Peterson testified that he had consumed six glasses of beer in the approximately two hours before his arrest. The circuit court found as a fact that "it would take twenty minutes to prepare for the [breathalyzer] test which would leave one hour from the first time the request was made for the test until the petitioner [Peterson] himself requested to take the test."

The circuit court reviewed the written transcript of testimony given before the administrative hearing officer and then entered findings and conclusions that Peterson's conduct did not constitute a test refusal and that his license was, therefore, not subject to revocation.

The facts in this case are essentially undisputed, save only Peterson's claim that it was an hour, and the State's claim that it was an hour and twenty-three minutes, between the initial test request by the arresting officer and the time the officer was advised Peterson would take the test. Our decision would be the same regardless of which version is accepted.

Peterson does not question that (1) there was probable cause for his arrest for DWI under SDCL 32-23-1; (2) that after his lawful arrest the arresting officer requested that he submit to a chemical analysis of the type authorized under SDCL 32-23-10; and (3) that the officer properly advised him of his rights in connection with the requested test and of the consequences of his failure to take the test.

Under this record we regard the issue before us as solely one of law. Upon the State's appeal from the judgment of the circuit court we hold that Peterson's admitted conduct constituted, in law, a refusal of the test, and we reverse the judgment for the reasons which follow.

THE IMPLIED CONSENT LAW I

Our implied consent statute was enacted in 1959. 1959 S.D. Sess. Laws, Chapter 264. In 1966 we said:

Implied consent statutes, such as we have, are designed to combat the increasing menace and danger caused by drunken drivers using the public highways and their elimination or control presents a most perplexing problem to law enforcement officers and to the courts. The legislative purpose behind such statutes is clear. The right to drive being a privilege granted by the state it has, for the protection of the public, imposed conditions on that privilege; one being that a person consent to a chemical analysis under the conditions specified in the statutes. Once the conditions of the statute are met, refusal to submit to the test results in mandatory loss of license. [citations omitted] Beare v. Smith, 82 S.D. 20, 25, 140 N.W.2d 603, 606 (1966).
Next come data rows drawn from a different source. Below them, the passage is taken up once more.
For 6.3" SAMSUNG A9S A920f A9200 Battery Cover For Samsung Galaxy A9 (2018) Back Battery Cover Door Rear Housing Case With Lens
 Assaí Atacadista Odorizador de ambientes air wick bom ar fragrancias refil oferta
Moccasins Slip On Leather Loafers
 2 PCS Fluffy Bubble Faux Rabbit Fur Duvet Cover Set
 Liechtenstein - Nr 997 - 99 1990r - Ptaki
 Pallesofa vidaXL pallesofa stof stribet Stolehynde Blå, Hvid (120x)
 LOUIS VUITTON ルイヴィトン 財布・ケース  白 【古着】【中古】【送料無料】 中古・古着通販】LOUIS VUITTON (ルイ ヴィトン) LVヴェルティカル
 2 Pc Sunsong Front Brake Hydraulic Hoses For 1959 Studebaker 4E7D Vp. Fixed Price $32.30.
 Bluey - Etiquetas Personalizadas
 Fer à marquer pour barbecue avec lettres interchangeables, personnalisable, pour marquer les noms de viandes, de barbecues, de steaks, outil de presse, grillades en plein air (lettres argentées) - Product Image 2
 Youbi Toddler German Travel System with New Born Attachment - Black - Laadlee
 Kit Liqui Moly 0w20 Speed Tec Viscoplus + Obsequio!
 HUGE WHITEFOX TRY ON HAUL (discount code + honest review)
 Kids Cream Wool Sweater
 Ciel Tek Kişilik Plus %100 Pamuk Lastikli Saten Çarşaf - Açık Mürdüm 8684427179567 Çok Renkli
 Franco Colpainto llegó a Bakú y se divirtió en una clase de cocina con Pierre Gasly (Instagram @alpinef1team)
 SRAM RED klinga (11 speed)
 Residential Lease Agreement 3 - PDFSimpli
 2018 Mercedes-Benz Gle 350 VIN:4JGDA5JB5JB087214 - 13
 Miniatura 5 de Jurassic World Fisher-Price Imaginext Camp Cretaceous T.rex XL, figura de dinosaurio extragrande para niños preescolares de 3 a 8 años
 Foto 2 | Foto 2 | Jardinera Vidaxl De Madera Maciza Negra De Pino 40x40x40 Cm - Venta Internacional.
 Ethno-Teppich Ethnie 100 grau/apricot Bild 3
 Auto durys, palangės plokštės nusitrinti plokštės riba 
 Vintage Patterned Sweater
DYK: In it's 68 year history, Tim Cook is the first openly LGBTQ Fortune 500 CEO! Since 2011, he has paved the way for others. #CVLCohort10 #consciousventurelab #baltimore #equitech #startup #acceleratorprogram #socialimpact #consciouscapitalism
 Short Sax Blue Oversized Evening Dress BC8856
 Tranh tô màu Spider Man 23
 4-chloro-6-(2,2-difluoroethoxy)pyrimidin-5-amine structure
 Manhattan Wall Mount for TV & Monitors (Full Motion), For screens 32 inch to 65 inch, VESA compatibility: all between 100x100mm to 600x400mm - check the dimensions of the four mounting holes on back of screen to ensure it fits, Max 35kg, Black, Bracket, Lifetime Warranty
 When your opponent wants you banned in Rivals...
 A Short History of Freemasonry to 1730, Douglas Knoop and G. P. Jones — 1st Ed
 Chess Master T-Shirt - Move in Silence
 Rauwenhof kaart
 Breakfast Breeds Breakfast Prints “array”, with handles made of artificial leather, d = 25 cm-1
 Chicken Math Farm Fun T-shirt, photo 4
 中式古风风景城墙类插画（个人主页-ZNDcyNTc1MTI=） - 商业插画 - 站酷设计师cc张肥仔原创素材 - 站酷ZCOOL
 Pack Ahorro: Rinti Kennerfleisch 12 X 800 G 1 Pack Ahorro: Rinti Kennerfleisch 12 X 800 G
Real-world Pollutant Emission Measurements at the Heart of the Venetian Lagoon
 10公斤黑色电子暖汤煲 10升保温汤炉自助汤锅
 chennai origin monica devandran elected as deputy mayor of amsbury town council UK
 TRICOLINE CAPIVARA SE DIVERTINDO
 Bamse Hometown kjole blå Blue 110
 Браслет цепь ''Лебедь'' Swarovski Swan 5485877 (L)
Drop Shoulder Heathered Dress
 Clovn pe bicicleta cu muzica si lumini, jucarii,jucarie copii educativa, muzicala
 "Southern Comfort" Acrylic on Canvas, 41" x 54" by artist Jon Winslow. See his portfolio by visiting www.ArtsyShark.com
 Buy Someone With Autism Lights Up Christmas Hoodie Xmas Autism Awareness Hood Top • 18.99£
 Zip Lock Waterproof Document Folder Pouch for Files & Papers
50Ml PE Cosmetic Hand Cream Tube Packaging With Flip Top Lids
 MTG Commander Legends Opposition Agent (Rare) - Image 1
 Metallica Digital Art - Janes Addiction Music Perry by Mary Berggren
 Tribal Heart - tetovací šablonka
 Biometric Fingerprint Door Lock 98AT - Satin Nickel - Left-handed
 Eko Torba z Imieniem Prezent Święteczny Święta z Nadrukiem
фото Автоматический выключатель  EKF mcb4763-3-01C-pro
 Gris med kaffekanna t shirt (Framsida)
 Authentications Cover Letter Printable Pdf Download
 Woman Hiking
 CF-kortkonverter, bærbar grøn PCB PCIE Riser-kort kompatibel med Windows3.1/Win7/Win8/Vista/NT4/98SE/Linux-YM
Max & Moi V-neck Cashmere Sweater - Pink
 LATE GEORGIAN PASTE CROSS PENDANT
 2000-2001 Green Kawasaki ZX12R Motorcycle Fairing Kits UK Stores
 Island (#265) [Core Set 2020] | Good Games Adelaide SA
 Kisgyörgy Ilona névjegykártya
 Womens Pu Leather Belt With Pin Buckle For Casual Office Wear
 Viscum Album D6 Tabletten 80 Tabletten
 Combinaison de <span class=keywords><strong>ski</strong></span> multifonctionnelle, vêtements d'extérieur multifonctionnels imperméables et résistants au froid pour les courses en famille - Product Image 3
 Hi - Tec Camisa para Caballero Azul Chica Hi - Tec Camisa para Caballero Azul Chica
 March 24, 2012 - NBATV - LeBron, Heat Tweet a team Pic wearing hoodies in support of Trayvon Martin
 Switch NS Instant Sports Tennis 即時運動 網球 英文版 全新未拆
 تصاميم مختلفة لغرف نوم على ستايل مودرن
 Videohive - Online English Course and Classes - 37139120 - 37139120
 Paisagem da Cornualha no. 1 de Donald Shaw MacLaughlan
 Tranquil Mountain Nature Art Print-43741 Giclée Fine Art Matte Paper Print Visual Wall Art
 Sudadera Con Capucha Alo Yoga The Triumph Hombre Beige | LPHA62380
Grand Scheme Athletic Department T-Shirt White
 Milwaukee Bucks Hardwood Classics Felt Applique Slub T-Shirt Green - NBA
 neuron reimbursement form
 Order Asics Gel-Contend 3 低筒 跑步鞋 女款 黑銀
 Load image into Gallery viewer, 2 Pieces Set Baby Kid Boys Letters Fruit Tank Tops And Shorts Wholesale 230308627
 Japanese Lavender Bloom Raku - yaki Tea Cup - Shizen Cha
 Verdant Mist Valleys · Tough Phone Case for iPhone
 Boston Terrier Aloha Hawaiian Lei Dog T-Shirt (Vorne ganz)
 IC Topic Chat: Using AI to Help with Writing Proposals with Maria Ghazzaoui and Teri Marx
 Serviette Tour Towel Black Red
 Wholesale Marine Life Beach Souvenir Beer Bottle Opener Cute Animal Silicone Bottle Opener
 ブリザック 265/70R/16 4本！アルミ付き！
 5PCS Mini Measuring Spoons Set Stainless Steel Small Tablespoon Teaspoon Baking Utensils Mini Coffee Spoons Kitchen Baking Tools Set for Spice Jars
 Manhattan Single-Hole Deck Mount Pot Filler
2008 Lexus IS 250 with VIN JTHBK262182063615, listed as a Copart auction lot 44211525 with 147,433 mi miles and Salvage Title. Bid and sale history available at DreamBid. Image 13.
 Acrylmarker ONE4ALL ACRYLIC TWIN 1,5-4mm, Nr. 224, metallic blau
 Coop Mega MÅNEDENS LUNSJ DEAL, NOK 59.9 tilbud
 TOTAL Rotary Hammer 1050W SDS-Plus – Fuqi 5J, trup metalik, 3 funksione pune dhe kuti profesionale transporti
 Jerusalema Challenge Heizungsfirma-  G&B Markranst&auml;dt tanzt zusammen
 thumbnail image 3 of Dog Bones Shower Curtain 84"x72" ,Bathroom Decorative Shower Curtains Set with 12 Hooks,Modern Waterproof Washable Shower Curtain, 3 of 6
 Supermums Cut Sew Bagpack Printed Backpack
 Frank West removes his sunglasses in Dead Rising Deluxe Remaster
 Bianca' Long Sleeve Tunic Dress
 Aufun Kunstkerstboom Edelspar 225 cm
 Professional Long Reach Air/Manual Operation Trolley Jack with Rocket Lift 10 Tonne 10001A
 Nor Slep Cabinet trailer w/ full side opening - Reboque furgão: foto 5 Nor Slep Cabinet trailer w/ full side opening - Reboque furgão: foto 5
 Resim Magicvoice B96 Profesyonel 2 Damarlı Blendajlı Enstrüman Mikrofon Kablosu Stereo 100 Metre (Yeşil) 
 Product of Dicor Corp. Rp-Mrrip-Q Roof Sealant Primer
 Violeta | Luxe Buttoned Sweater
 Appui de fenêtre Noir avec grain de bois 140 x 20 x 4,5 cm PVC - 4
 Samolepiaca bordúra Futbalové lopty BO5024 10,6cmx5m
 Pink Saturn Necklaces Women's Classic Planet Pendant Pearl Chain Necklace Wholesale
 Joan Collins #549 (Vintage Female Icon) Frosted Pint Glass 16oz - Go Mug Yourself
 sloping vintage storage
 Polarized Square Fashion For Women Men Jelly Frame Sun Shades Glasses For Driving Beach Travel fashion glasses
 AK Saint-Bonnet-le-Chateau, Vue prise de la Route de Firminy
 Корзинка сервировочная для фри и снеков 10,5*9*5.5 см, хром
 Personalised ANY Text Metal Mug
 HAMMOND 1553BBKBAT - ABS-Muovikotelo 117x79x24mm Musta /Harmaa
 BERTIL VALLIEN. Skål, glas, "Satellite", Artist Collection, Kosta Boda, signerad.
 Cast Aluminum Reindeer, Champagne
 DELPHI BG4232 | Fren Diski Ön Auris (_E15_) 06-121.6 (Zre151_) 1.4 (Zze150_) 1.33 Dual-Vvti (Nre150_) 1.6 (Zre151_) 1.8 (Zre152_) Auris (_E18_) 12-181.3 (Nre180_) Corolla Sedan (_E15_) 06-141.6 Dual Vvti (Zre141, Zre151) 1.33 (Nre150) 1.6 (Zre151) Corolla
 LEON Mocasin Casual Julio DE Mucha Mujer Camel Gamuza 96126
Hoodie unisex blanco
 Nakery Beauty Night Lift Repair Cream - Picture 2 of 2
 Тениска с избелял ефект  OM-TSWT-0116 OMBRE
In applying our Implied Consent Law to the issue here, we should adopt that construction most likely to achieve the objective sought, which is "a fair, efficient and accurate system of detection and prevention of drunken driving. . . . The immediate purpose of . . . the implied consent [law] is to obtain the best evidence of blood alcohol content at the time of the arrest of a person reasonably believed to be driving while intoxicated." Zidell v. Bright, 264 Cal. App. 2d 867, 869, 71 Cal. Rptr. 111, 112-13 (1968).

The "best evidence of blood alcohol content" is furnished by a chemical test of the type provided for in our law. However, it is a "well-established rule that the probative value of a chemical test for intoxication diminishes with the passage of time." Ent v. State, Department of Motor Vehicles, 265 Cal. App. 2d 936, 940, 71 Cal. Rptr. 726, 729 (1968). "We are told the percentage of alcohol in the blood begins to diminish shortly after drinking stops, as the body functions to eliminate it from the system." Blow v. Comm. of Motor Vehicles, 83 S.D. 628, 634, 164 N.W.2d 351, 354 (1969), quoting from Schmerber v. California, 384 U.S. 757, 86 S. Ct. 1826, 16 L. Ed. 2d 908 (1966). "Such being true, the longer the test [is] delayed the more favorable the situation would become for the subject." *409 Toms v. State, 95 Okl.Cr. 60, 68, 239 P.2d 812, 820 (1952). Therefore, "[c]learly implied in the statute is the requirement that one of its described tests be submitted to and completed expeditiously; otherwise the purpose of the law would be frustrated." Smith v. Cozens, 25 Cal. App. 3d 300, 302, 101 Cal. Rptr. 787, 788 (1972). "There is no sound reason to give the driver the opportunity to delay the test to his benefit contrary to the purpose of the test and the statute to obtain as accurate an indication of his condition as possible. See Donigan, Chemical Tests and the Law 45 (2d ed. 1966); Erwin, Defense of Drunk Driving Cases ž 15.03 (3rd ed. 1972); . . ." Harlan v. State, N.H., 308 A.2d 856, 858 (1973).

II

In the case before us Peterson argues that he did not delay the test for an unreasonable length of time. To support his contention he cites Lund v. Hjelle, 224 N.W.2d 552 (N.D.1974). In the Lund case counsel for commissioner Hjelle had conceded that "a chemical test two hours after the arrest could have been extrapolated and would be accurate." Id. at 557.[2]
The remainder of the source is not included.